## Examples using the CORE API

Before you proceed with the practical examples you need first to authenticate your Google account. To do that, you need to run the following code. When the code stops running it will produce a long url and display a text box; click on the url and you will be directed to another page, which will containt an id string. Copy this id, come back to this page and paste the id in the text box. Then press "Enter" or "Return" in your keyboard.

Here is an screenshot showing the long url and the code as I have pasted it into the text area. 

![google_authentication](https://lh3.google.com/u/0/d/1JBA2JvXdd19P5GAimUPFf9JByZCCuaX1=w1439-h780-iv2)

You will need to follow this procedure everytime you leave this page for some time and you need to revisit it. 

In the block below, place your cursor at `[ ]` and click on the "Play" button. 

In [0]:
import pandas


#
# Replace the assignment below with your file ID
# to download a different file.
#
# A file ID looks like: 1uBtlaggVyWshwcyP6kEI-y_W3P8D26sz
file_id = 'target_file_id'

import io
from io import StringIO
from googleapiclient.http import MediaIoBaseDownload
from google.colab import auth
from googleapiclient.discovery import build

auth.authenticate_user()
drive_service = build('drive', 'v3')

def load_from_gdrive(file_id):
  request = drive_service.files().get_media(fileId=file_id)
  downloaded = io.BytesIO()
  downloader = MediaIoBaseDownload(downloaded, request)
  done = False
  while done is False:
    # _ is a placeholder for a progress object that we ignore.
    # (Our file is small, so we skip reporting progress.)
    _, done = downloader.next_chunk()

    downloaded.seek(0)
    return downloaded.read()

## What is CORE
### [CORE](https://core.ac.uk/) aggregates the world’s open access research papers. It offers seamless access to millions of open access research papers, enrich the collected data for text-mining and provide unique services to the research community.

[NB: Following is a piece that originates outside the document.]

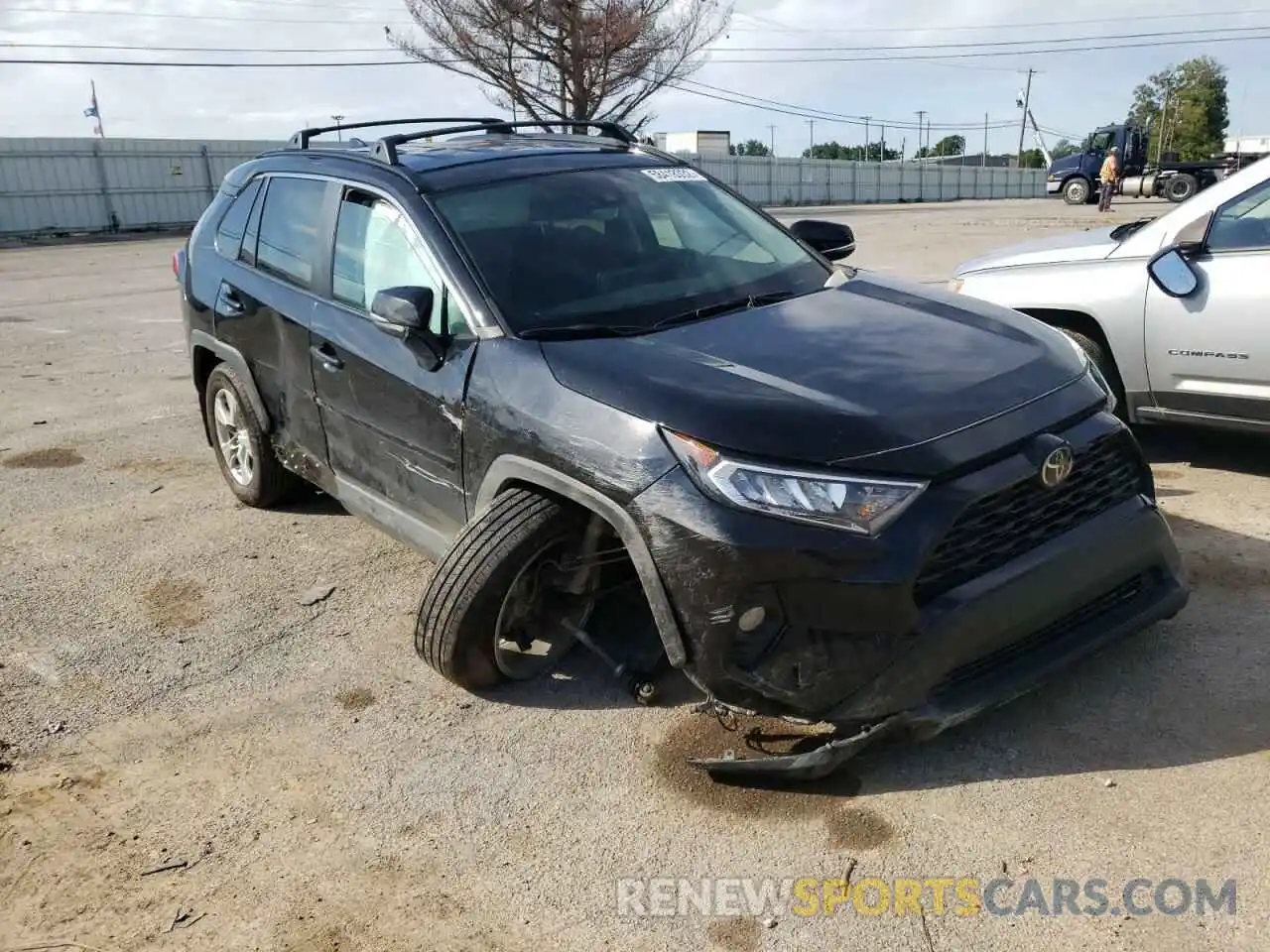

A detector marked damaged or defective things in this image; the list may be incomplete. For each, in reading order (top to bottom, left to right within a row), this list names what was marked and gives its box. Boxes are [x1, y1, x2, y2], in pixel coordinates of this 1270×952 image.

damaged black toyota rav4 [179, 117, 1189, 781]
damaged front bumper [632, 416, 1189, 781]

### CORE's collection is offered via the following services:

### CORE API
provides an access point for those who want to develop applications making use of our large collection of Open Access content. 

![the CORE API](https://github.com/oacore/cambridge-vs-oxford-repo-showdown/raw/master/resources/api.png?classes="float-left"  "The CORE API") 
 
### CORE Dataset
enables you to download all the aggregated content from Open Access journals and repositories. Use the dataset for analysis and application of computationally intensive processes.

![the CORE Dataset](https://github.com/oacore/cambridge-vs-oxford-repo-showdown/raw/master/resources/dataset.png "The CORE Dataset") 
 
### CORE Publisher connector
is a software providing seamless access to Gold and Hybrid Gold Open Access articles aggregated from non-standard systems of major publishers. Data is exposed using the ResourceSync protocol.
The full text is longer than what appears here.